Top of Data excerpts

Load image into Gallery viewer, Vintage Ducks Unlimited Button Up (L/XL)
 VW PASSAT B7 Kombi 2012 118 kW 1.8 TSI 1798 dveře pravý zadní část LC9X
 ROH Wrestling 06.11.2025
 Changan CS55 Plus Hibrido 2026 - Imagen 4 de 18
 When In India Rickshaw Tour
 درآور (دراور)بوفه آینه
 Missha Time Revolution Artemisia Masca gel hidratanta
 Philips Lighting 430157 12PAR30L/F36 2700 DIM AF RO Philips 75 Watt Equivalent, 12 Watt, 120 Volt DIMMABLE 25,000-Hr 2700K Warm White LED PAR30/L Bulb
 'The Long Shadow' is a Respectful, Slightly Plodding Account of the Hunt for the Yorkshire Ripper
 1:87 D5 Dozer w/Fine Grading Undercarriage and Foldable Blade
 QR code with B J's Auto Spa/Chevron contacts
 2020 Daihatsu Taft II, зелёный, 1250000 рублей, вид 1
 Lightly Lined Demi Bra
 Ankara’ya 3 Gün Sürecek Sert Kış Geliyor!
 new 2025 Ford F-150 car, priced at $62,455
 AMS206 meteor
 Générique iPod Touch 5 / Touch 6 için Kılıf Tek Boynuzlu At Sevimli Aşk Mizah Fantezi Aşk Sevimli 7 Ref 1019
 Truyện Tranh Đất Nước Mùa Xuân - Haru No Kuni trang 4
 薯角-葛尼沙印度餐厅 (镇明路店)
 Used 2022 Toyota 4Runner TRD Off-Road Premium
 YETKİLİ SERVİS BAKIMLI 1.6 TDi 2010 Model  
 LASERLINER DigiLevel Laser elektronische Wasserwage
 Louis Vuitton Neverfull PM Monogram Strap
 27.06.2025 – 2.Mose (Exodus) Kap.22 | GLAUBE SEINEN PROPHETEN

Bottom of Data excerpts

(Your objective):
Give the entries again exactly, every one.

(Result of the task):
Load image into Gallery viewer, Vintage Ducks Unlimited Button Up (L/XL)
 VW PASSAT B7 Kombi 2012 118 kW 1.8 TSI 1798 dveře pravý zadní část LC9X
 ROH Wrestling 06.11.2025
 Changan CS55 Plus Hibrido 2026 - Imagen 4 de 18
 When In India Rickshaw Tour
 درآور (دراور)بوفه آینه
 Missha Time Revolution Artemisia Masca gel hidratanta
 Philips Lighting 430157 12PAR30L/F36 2700 DIM AF RO Philips 75 Watt Equivalent, 12 Watt, 120 Volt DIMMABLE 25,000-Hr 2700K Warm White LED PAR30/L Bulb
 'The Long Shadow' is a Respectful, Slightly Plodding Account of the Hunt for the Yorkshire Ripper
 1:87 D5 Dozer w/Fine Grading Undercarriage and Foldable Blade
 QR code with B J's Auto Spa/Chevron contacts
 2020 Daihatsu Taft II, зелёный, 1250000 рублей, вид 1
 Lightly Lined Demi Bra
 Ankara’ya 3 Gün Sürecek Sert Kış Geliyor!
 new 2025 Ford F-150 car, priced at $62,455
 AMS206 meteor
 Générique iPod Touch 5 / Touch 6 için Kılıf Tek Boynuzlu At Sevimli Aşk Mizah Fantezi Aşk Sevimli 7 Ref 1019
 Truyện Tranh Đất Nước Mùa Xuân - Haru No Kuni trang 4
 薯角-葛尼沙印度餐厅 (镇明路店)
 Used 2022 Toyota 4Runner TRD Off-Road Premium
 YETKİLİ SERVİS BAKIMLI 1.6 TDi 2010 Model  
 LASERLINER DigiLevel Laser elektronische Wasserwage
 Louis Vuitton Neverfull PM Monogram Strap
 27.06.2025 – 2.Mose (Exodus) Kap.22 | GLAUBE SEINEN PROPHETEN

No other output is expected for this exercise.